About this task => Write out each line of the records that has "Mobile" in it.

Provided data =>
--- START ---

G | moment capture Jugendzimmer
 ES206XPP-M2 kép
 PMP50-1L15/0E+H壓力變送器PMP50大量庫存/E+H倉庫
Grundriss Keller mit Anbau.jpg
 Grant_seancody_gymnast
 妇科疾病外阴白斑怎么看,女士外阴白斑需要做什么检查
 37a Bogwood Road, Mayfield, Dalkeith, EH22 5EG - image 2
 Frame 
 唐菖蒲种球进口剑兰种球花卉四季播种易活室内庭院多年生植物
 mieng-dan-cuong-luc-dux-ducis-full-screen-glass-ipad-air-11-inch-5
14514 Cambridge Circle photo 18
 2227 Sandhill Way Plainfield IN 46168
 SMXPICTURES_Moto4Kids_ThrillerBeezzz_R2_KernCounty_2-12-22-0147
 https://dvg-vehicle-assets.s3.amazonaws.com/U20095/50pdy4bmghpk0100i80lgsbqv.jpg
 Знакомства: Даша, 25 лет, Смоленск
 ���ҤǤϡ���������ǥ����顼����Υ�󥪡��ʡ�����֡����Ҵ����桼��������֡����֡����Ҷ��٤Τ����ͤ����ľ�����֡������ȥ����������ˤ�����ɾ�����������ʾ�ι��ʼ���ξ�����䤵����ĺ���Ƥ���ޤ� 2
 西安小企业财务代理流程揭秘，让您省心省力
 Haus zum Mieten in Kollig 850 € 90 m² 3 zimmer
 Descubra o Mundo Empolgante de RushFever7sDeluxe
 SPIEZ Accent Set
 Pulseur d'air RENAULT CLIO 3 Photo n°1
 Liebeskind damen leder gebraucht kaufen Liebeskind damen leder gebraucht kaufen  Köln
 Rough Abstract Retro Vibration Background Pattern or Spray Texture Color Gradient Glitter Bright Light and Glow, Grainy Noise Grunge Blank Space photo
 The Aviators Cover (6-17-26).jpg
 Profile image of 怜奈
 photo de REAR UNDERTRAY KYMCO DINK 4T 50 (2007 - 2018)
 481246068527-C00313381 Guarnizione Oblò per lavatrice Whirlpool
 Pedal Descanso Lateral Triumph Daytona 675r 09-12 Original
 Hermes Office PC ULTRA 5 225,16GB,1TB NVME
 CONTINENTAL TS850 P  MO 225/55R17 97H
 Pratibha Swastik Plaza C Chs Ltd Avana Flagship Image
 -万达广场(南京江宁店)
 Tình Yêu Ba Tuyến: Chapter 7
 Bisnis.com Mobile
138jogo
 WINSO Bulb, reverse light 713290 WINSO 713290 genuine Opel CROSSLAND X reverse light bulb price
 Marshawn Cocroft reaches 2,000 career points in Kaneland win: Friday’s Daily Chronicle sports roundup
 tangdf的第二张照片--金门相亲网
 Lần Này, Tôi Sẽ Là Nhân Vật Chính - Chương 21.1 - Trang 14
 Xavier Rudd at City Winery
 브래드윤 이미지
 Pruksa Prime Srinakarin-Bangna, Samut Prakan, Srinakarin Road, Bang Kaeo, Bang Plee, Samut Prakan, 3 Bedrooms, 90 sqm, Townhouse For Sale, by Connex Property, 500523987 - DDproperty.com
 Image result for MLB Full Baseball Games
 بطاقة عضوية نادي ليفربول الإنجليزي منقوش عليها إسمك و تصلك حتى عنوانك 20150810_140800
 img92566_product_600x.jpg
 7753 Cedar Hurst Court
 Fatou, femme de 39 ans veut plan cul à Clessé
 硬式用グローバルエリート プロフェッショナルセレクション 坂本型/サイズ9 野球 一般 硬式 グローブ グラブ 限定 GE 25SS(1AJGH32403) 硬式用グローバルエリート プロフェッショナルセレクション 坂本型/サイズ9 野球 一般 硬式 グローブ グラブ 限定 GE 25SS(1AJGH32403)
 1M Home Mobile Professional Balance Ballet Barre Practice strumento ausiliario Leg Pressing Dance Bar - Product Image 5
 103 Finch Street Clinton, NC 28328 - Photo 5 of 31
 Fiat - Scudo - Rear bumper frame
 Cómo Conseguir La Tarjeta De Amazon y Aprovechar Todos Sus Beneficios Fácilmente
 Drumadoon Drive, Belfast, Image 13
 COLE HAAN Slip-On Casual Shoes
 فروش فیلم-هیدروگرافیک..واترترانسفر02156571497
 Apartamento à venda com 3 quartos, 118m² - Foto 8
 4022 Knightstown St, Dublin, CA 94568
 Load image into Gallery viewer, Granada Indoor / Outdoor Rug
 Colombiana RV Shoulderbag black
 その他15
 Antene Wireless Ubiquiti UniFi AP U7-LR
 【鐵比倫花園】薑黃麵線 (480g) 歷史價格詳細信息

--- END ---

The completed task =>
 Bisnis.com Mobile
 1M Home Mobile Professional Balance Ballet Barre Practice strumento ausiliario Leg Pressing Dance Bar - Product Image 5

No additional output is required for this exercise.